Lucas: It’s interesting because a lot of the frontend volunteers are way more experienced than me in doing frontend things. Although I’ve done a lot of programming over the course of my life, I’m actually a musician. I’ve made a few Android apps and I know React, but there are a lot of volunteers who are actually full-time developers.
I’m trying to keep everyone happy and keep things organized. Especially since we’re all volunteers—you want it to be enjoyable and easy for everyone. If people get frustrated, they basically decide to spend less time on the project.
Lucas: We changed frameworks at one point, which was a pretty big job. There was a time when there were much fewer people on the team. People come and go as they do with volunteer projects.
We were using a framework named Vue, and it was kind of a mess because we kept saying we’d clean it up later. We ended up switching to the more popular framework called React because we thought we’d get more volunteers that way because people know it, which is true. Initially I was doing the large majority of stuff in React, and then fellow volunteer Darren joined, which is great because he has a lot of experience and could check that my code wasn’t a disaster. That was a big rewriting job; we got back to where we were and now quite beyond it with the alpha and soft beta versions of Couchers.org. It’s such a big project, so we’re really just getting the basics out at the moment.
Lucas: There are lots of cool features planned like different approaches to safety and more written on our main website, but a lot of that is in the future since we need to get the basics out first. I think what’s good about our platform—because I’m a member of BeWelcome and all the others, and even Couchsurfing™ as well—is that it’s not static. On other platforms, nothing ever changes, or if something does change, you have no input on it and you don’t know anything about it. It comes and you accept it. We’re listening to the community, we have almost 100 people working on it, and we can make changes very fast compared to the other websites. We won’t be afraid to iterate on things. In listening to the community, it could be that everyone says something is terrible, and that’s fine. We’ll just change it and it’ll be easy to do that.

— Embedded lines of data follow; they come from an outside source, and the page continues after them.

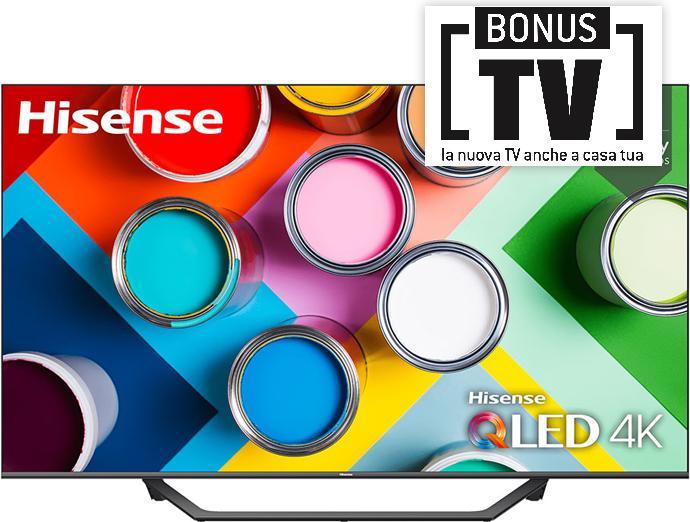 Produktbild Hisense 55A7GQ (55", QLED, 4K, 2021)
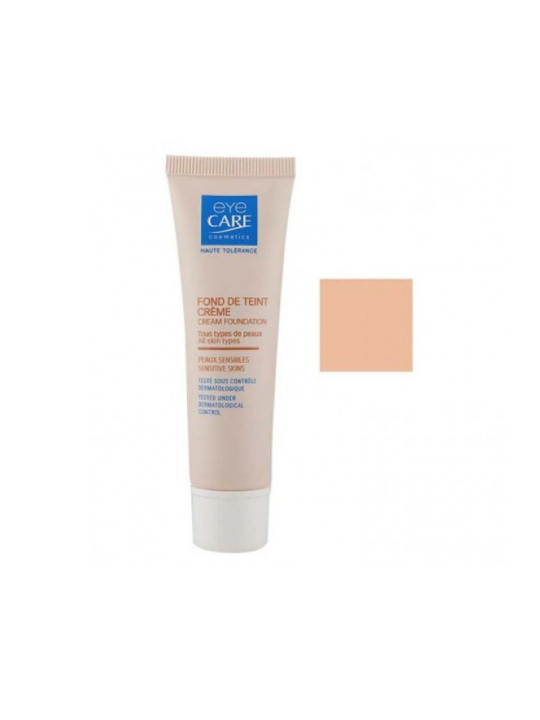 EYE CARE fond teint creme beige clair ref/1280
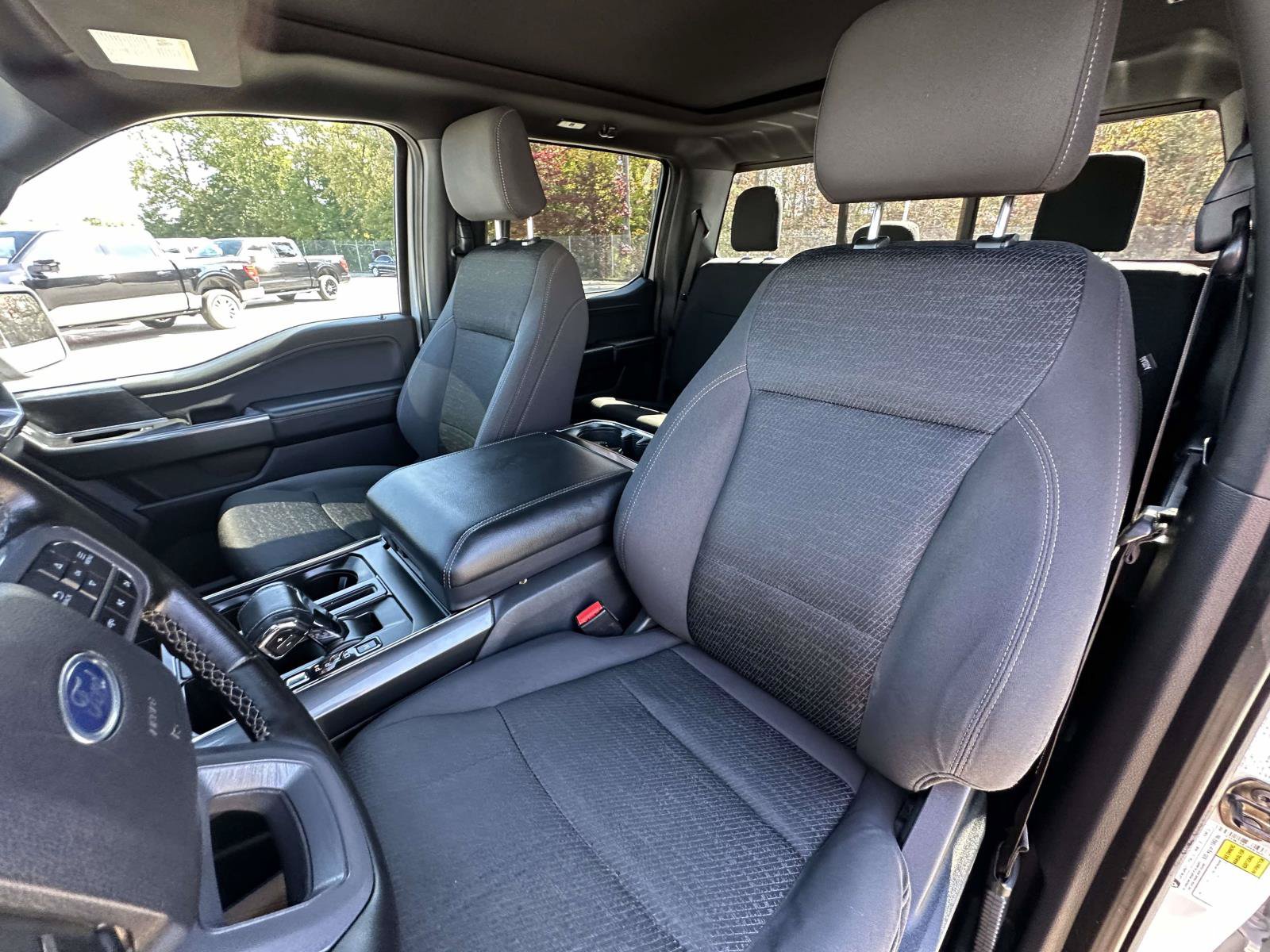 Certified 2023 Ford F150 XLT w/ Equipment Group 302A High AWD/4WD image 23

Lucas: That’s the nice thing. If I’m working on a feature, like a messaging service, frontend is the last step. If we don’t like something about the feature, we can sneak in a quick change last minute!
Lucas: You have to come to collective decisions a bit, but the interesting thing is that you’re the person who wrote the code first. Other people may come along and ask why you made a particular choice, and they suggest alternative and often better ways of doing it. Then you can either justify why you did and explain why you don’t want to change it, and people do tend to agree, or you can accept their changes. Before it’s the end product, there’s plenty of time to play around. As it’s going into code, things become clear that are not always clear from design.
Lucas: I just want to see it up and running and get back to couch surfing. There are so many good memories from couch surfing that we’ve all had and being able to experience that again will be very nice, I think.
Aside from the paywall and the consequences of that, many people had lots of complaints with Couchsurfing™... but I didn’t actually! I thought the app and service was great. I wasn’t there in the really good old days of 2008-2012, but I started in 2014-2015, so it hadn’t descended into a pit of doom just yet. I still had so much fun and met so many great people.